Das Verhältnis zwischen Ost und West ist bis heute nicht frei von Spannungen. Trotzdem bewerteten in einer Umfrage, die 25 Jahre nach dem Mauerfall durchgeführt wurde, 75 Prozent der Ostdeutschen die Vereinigung im Rückblick vom Ergebnis her als positiv; bei den Westdeutschen sind es dagegen nur 48 Prozent. Viele Menschen in Ostdeutschland sehen sich auch materiell als Gewinner der Einheit. Seit 1990 sind fast drei Jahrzehnte vergangen, und die Wahrnehmung des Umbruchs im Osten und der deutschen Einheit ist, verglichen mit früher, eine andere geworden. Dies ist einerseits auf die Zeit zurückzuführen:
Inzwischen ist eine neue Generation herangewachsen, deren Problemsicht hauptsächlich von Gegenwarts- und Zukunftsfragen bestimmt wird und weniger von der Vergangenheit. Andererseits sind in der Zwischenzeit neue Probleme entstanden, die die alten überlagern. Neue Ansichten, Denkmuster, Lebensstile und Zukunftserwartungen setzen sich durch, alte verlieren an Relevanz. Dazu gehört auch, dass die deutsch-deutsche Geschichte auf neue Art und Weise reflektiert und diskutiert wird.
Nach fast 30 Jahren sind die Menschen im Osten mehrheitlich im vereinigten Deutschland angekommen, obgleich ihre DDR-Herkunft bis heute in der Bundesrepublik als eine Art «Migrationshintergrund» gilt. Für die Westdeutschen dagegen waren der Druck der Umstände und die Dynamik des Wandels viel geringer, weshalb viele glauben, immer noch in der alten Bundesrepublik zu leben. Mit der Akzeptanz der deutschen Einheit ist eine Blickverschiebung verbunden – von der Transformation zur Integration [2] und von der Vergangenheit zur Gegenwart und Zukunft.

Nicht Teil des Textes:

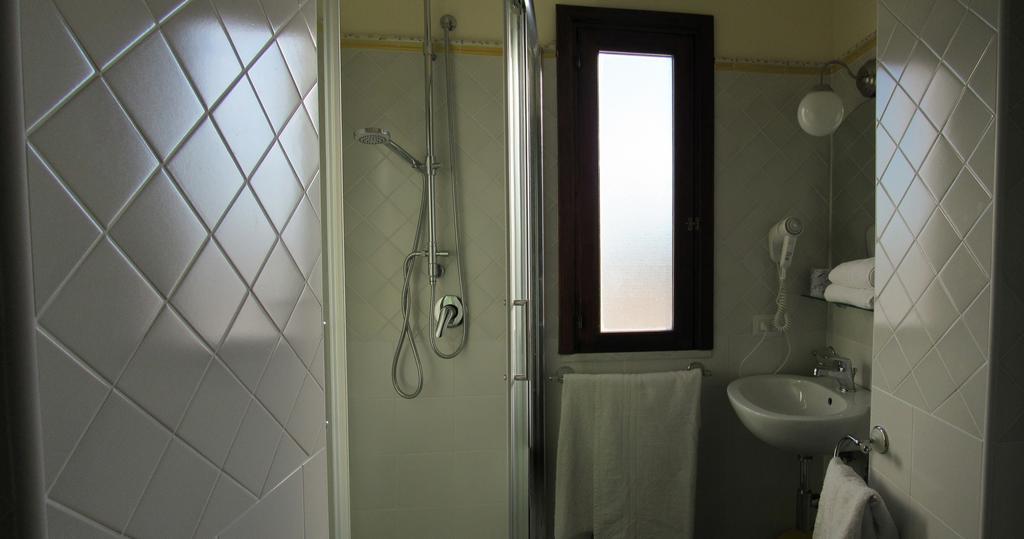 Hotel Santa Rosalia Marina di Camerota Pokoj fotografie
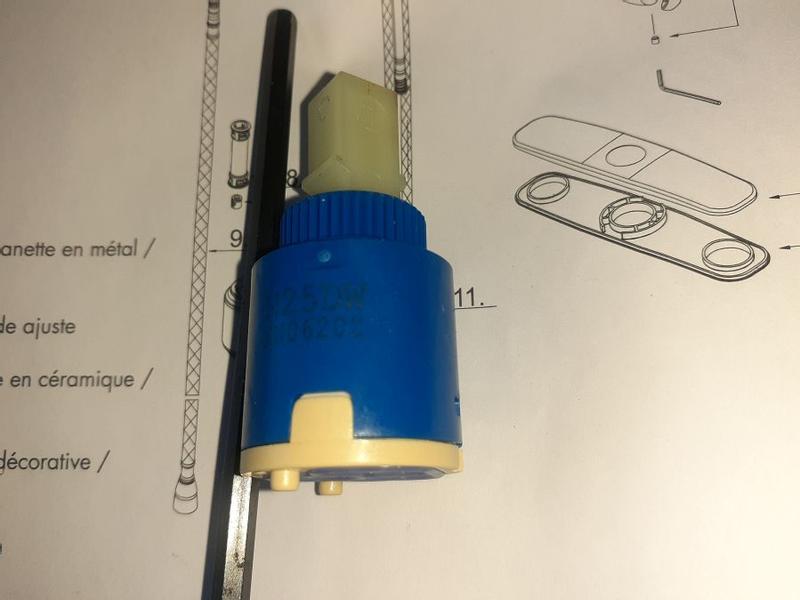 Replacement Cartridge N25DW or Danze manufacturer number DA507906N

Im Zentrum stehen heute die deutsche und europäische Integration, während die getrennte, da geteilte deutsche Vergangenheit in den Debatten kaum mehr eine Rolle spielt. Dies betrifft auch den «Sozialismus», von dem 63,4 Prozent der Ostdeutschen glauben, dass er eine «gute Idee» war, die «nur schlecht umgesetzt» wurde, während rund 60 Prozent der Westdeutschen ihn prinzipiell ablehnen.
In der Zeit seit dem Beitritt der DDR sind die Konturen des vereinigten Deutschland relativ klar, auch da, wo es immer noch deutliche Disparitäten und Niveauunterschiede gibt. Hierzu gehören die unterschiedliche Dynamik der wirtschaftlichen, sozialen und demografischen Entwicklung, die stabilen und sich reproduzierenden wirtschaftlichen und sozialen Diskrepanzen zwischen den Landesteilen sowie politische, weltanschauliche, religiöse, kulturelle und andere Besonderheiten. Setzt man diese in Beziehung zum Vereinigungsprozess, so erweisen sie sich teilweise als Integrationsdefizite [2] und Spätfolgen einer verfehlten, da einseitig an den Interessen des westdeutschen Kapitals ausgerichteten Vereinigungspolitik. Zum Teil resultieren sie aber auch aus säkularen Prozessen oder sind neueren Entwicklungen in der Welt geschuldet. Dies gilt zum Beispiel für das Süd-Nord-Gefälle in Deutschland, aber auch für Unterschiede in der Klassen- und Schichtzugehörigkeit, bei der Religion, Kultur, hinsichtlich der Repräsentanz der Eliten in leitenden Funktionen in Politik, Wirtschaft und Wissenschaft sowie aktuell bei der Wahrnehmung der Migrationsaufgaben.Axel Troost und Klaus Steinitz
_______________________
[2] Anmerkung von KN-ADMIN Helmut Schnug:
Der Deutsche Volksrat setzte am 7. Oktober 1949 die Verfassung der DDR in Kraft, womit die Deutsche Demokratische Republik gegründet war. Deshalb teilten die beiden Mächte Deutschland in zwei Länder auf: die westliche Bundesrepublik Deutschland (BRD) und die östliche Deutsche Demokratische Republik (DDR). So entstanden zwei deutsche Staaten. Am 13. August 1961 baute die DDR Regierung eine Mauer zwischen sich und der BRD, mitten durch die Stadt Berlin.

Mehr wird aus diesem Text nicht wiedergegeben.